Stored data
*****
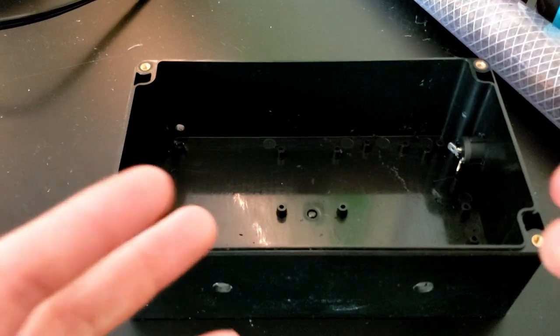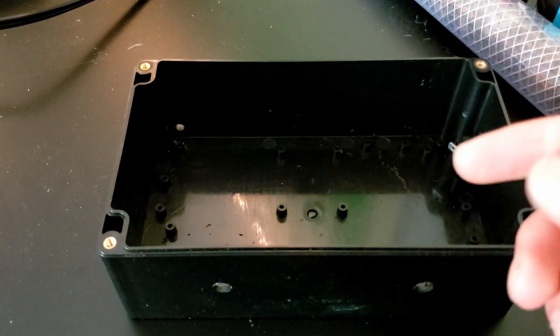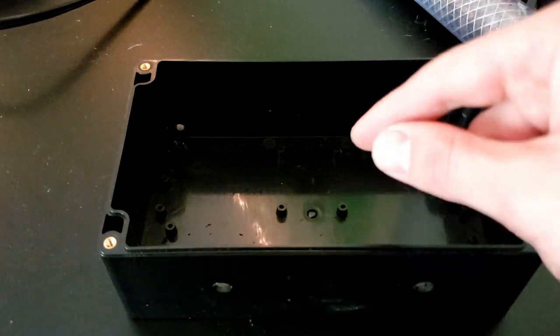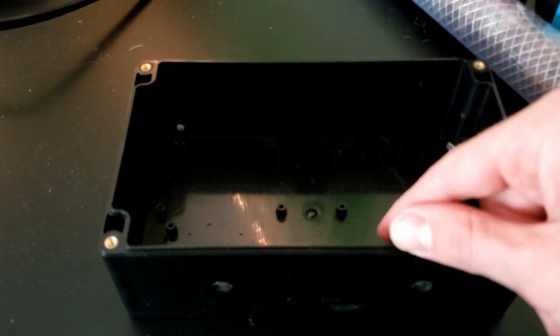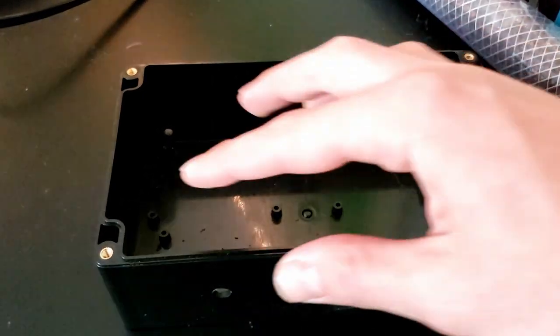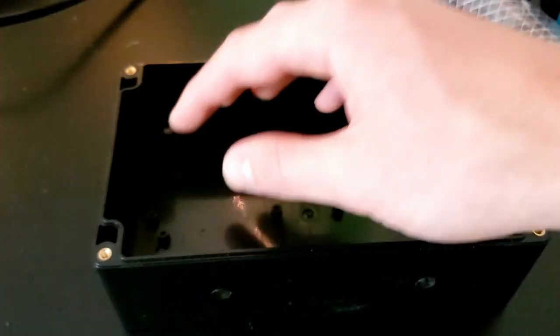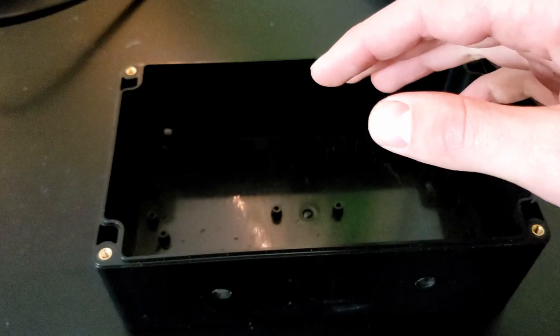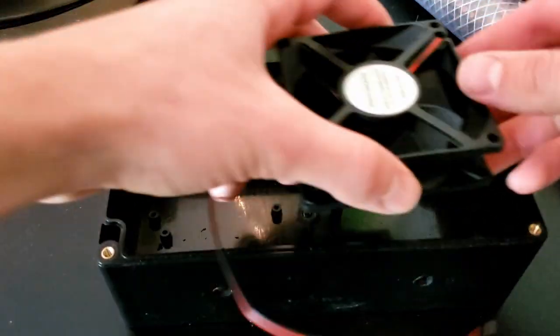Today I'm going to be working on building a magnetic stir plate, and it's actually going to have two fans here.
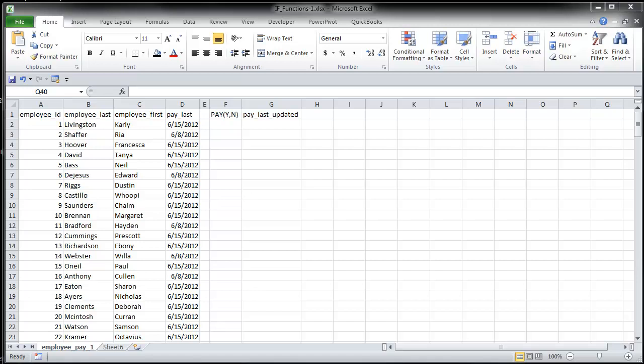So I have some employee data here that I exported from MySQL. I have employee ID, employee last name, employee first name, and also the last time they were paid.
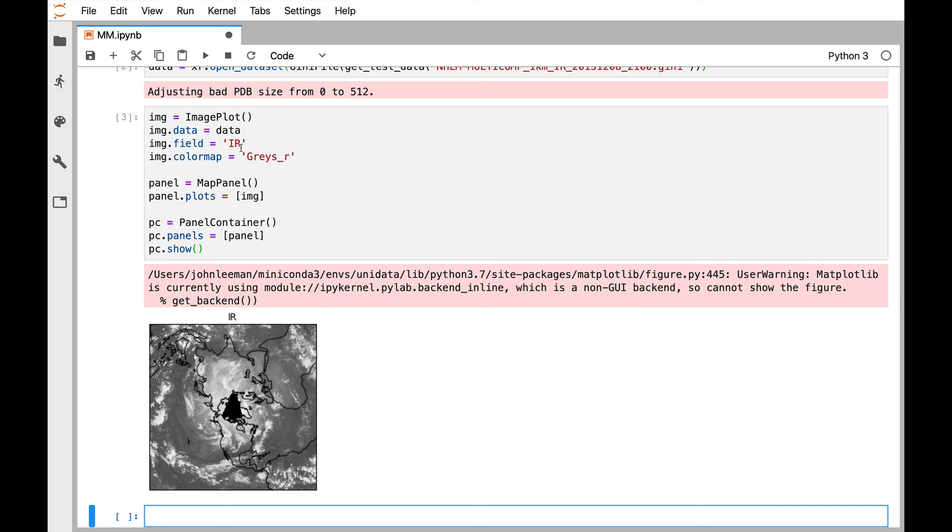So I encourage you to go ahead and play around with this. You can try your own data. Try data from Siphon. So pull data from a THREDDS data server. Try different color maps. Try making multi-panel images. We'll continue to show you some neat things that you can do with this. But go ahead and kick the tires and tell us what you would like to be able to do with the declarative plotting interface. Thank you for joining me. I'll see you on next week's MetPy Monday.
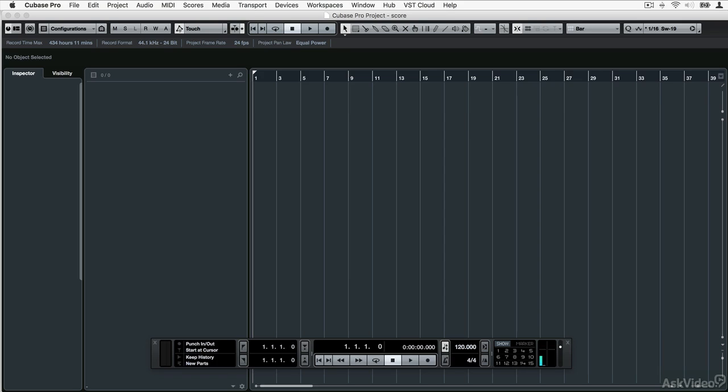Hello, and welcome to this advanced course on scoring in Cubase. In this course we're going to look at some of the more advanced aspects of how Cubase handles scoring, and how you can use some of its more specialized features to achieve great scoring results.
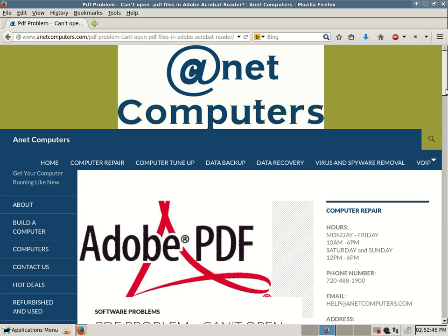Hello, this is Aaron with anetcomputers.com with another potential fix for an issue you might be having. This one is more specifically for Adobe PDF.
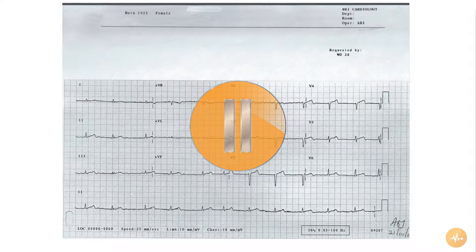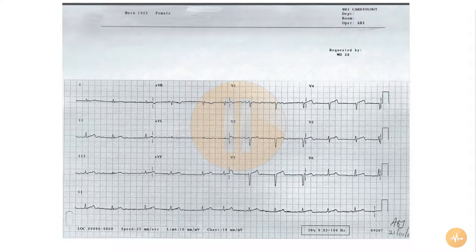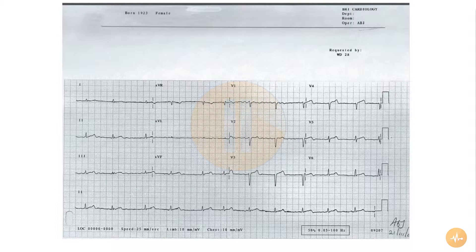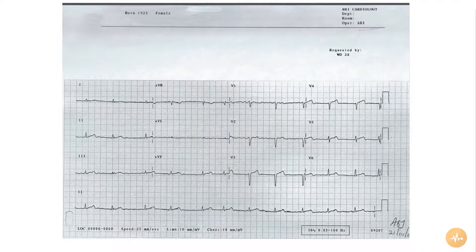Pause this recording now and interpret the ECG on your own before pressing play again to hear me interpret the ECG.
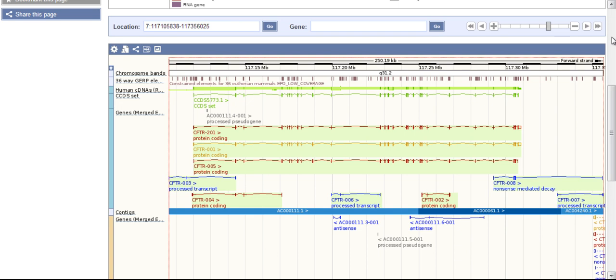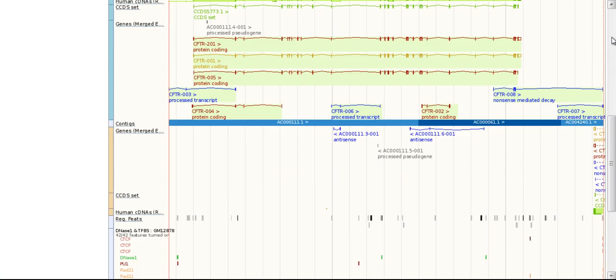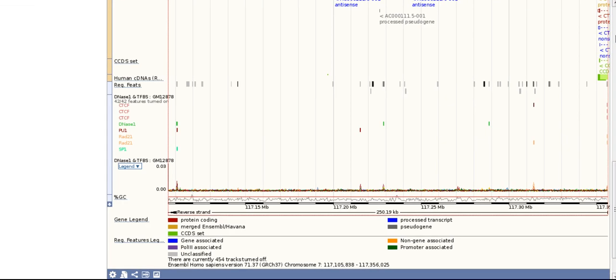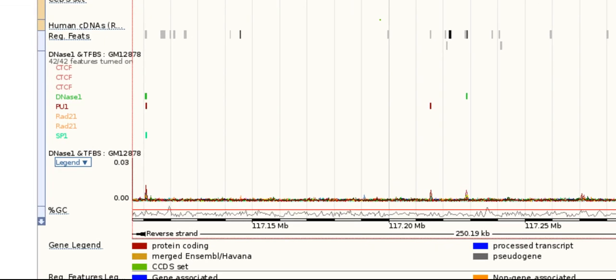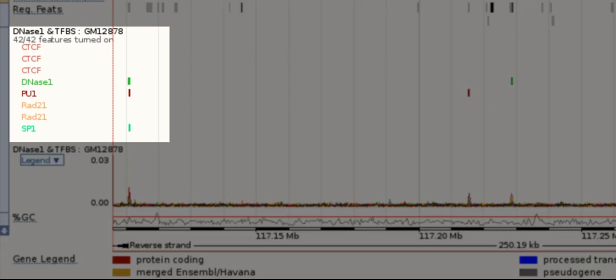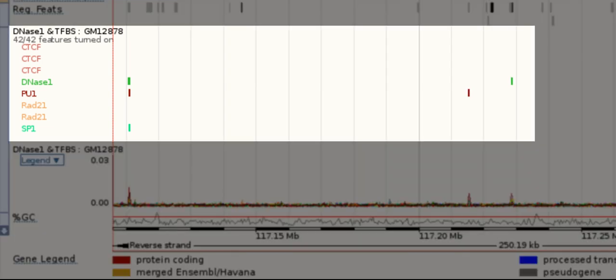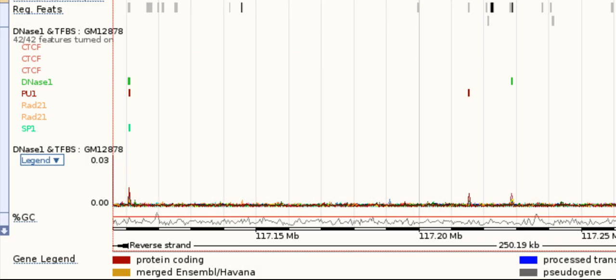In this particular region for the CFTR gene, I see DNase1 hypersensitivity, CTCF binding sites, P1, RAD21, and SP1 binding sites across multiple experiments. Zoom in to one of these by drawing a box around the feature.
*****
- _WHAT TO DO_
Copy exactly, without pictures, the lines above from the one with "So I encourage" down to the one with "Pause this recording", inclusive.

- _OUTPUT FOR THIS EXERCISE_
So I encourage you to go ahead and play around with this. You can try your own data. Try data from Siphon. So pull data from a THREDDS data server. Try different color maps. Try making multi-panel images. We'll continue to show you some neat things that you can do with this. But go ahead and kick the tires and tell us what you would like to be able to do with the declarative plotting interface. Thank you for joining me. I'll see you on next week's MetPy Monday.
Hello, and welcome to this advanced course on scoring in Cubase. In this course we're going to look at some of the more advanced aspects of how Cubase handles scoring, and how you can use some of its more specialized features to achieve great scoring results.
Hello, this is Aaron with anetcomputers.com with another potential fix for an issue you might be having. This one is more specifically for Adobe PDF.
Pause this recording now and interpret the ECG on your own before pressing play again to hear me interpret the ECG.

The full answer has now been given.